> **What you should do**:
Begin at the first line of the data and copy each line through the one containing "May include: A", that line included, with no pictures.

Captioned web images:
= = = = =
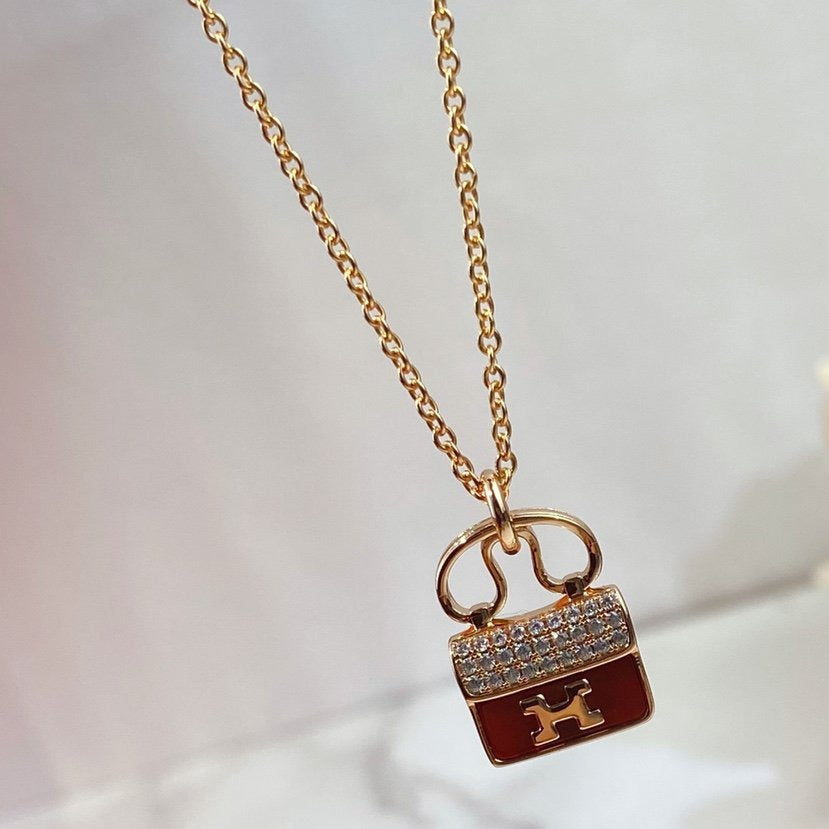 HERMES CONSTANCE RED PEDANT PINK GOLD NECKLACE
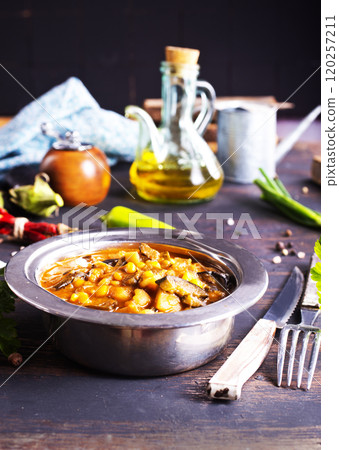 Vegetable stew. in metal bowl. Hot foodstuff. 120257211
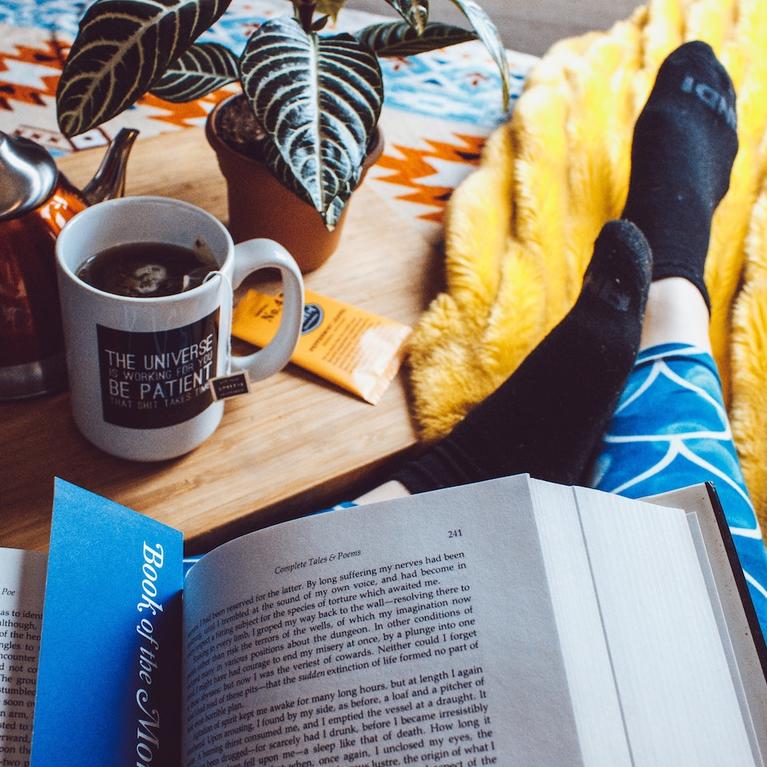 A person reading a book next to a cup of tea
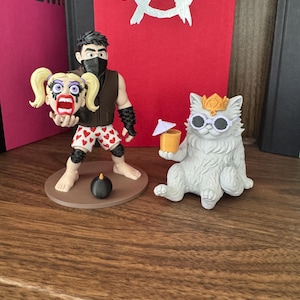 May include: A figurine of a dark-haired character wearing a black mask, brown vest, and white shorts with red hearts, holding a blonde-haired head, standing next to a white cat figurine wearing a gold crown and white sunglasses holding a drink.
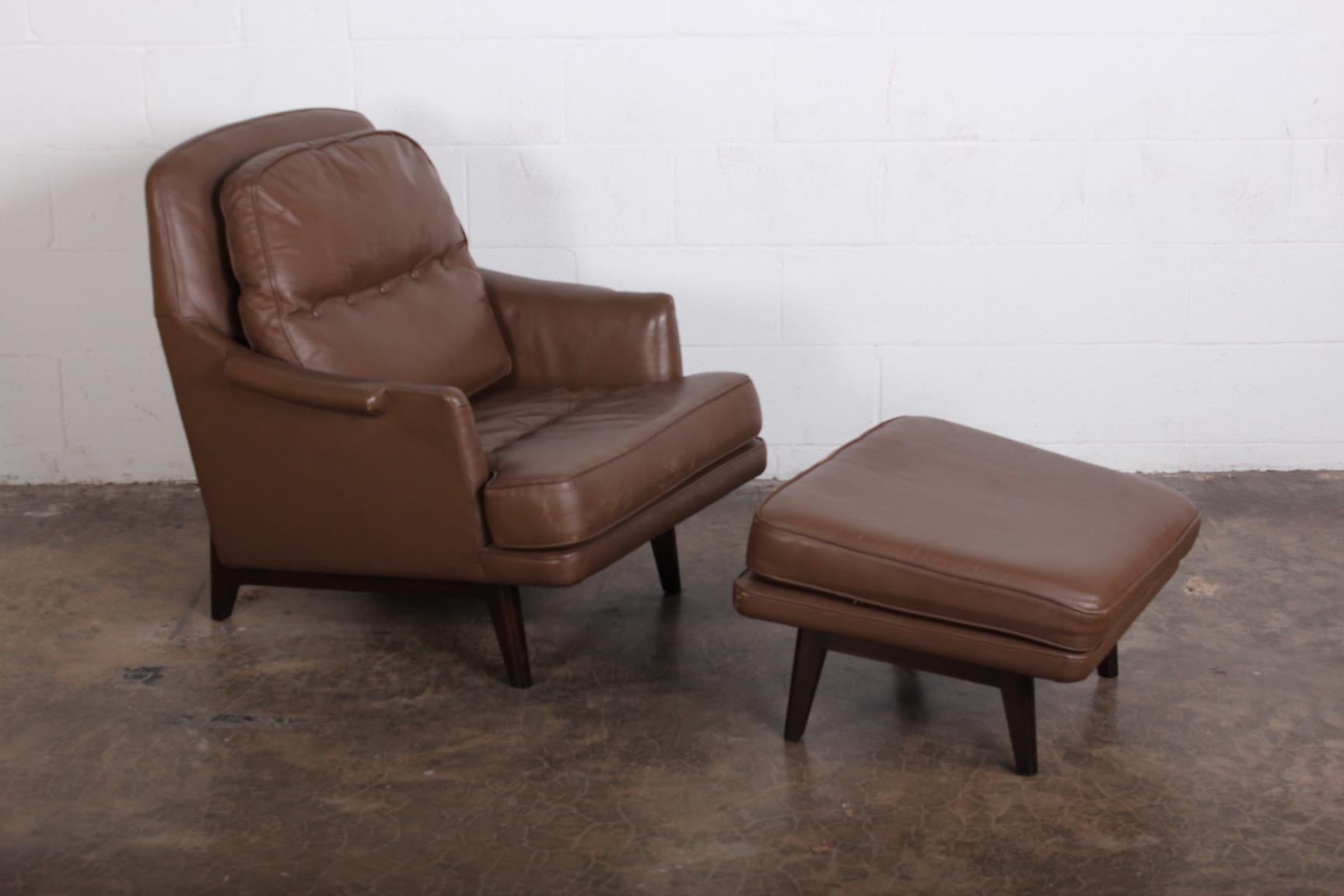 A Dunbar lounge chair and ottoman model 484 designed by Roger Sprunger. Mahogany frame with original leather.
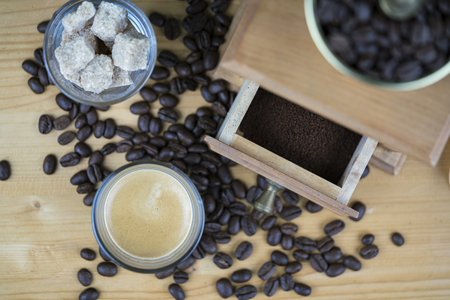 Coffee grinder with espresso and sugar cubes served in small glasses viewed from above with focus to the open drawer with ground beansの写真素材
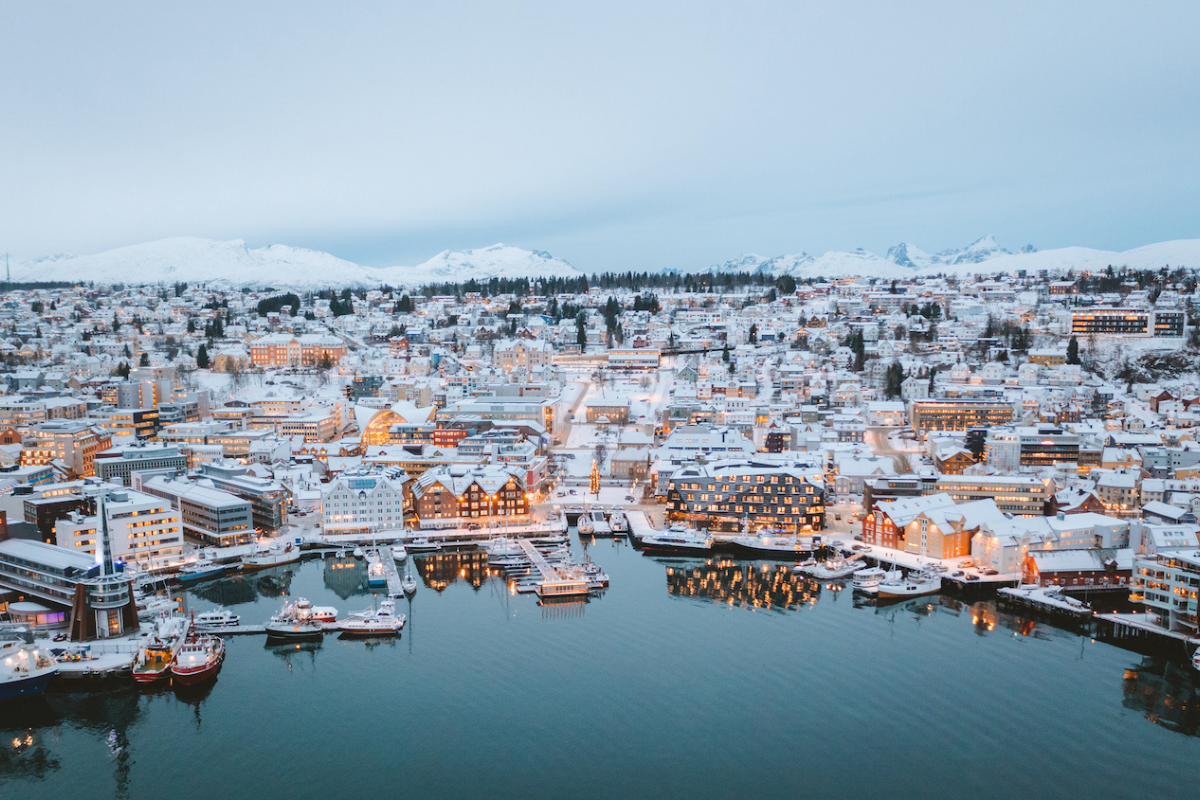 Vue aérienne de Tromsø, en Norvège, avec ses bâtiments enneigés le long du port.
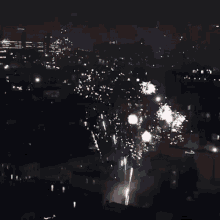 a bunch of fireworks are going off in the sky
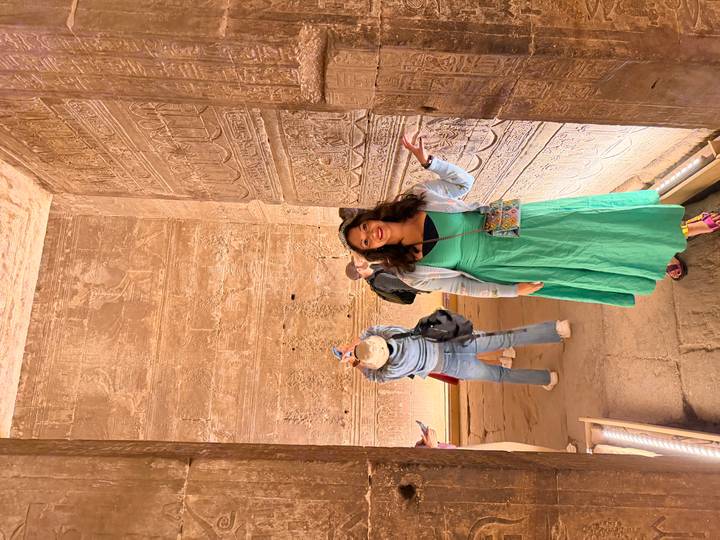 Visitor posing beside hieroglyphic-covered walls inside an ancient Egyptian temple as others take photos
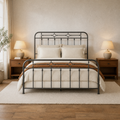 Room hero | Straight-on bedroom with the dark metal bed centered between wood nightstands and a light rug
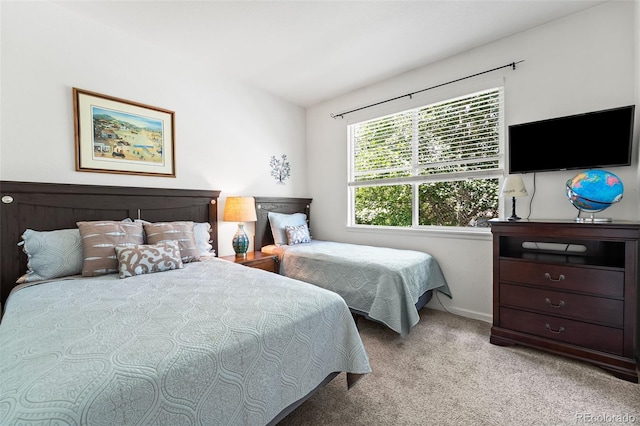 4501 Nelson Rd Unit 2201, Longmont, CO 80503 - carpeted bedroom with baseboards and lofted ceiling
= = = = =
> **Reply**:
 HERMES CONSTANCE RED PEDANT PINK GOLD NECKLACE
 Vegetable stew. in metal bowl. Hot foodstuff. 120257211
 A person reading a book next to a cup of tea
 May include: A figurine of a dark-haired character wearing a black mask, brown vest, and white shorts with red hearts, holding a blonde-haired head, standing next to a white cat figurine wearing a gold crown and white sunglasses holding a drink.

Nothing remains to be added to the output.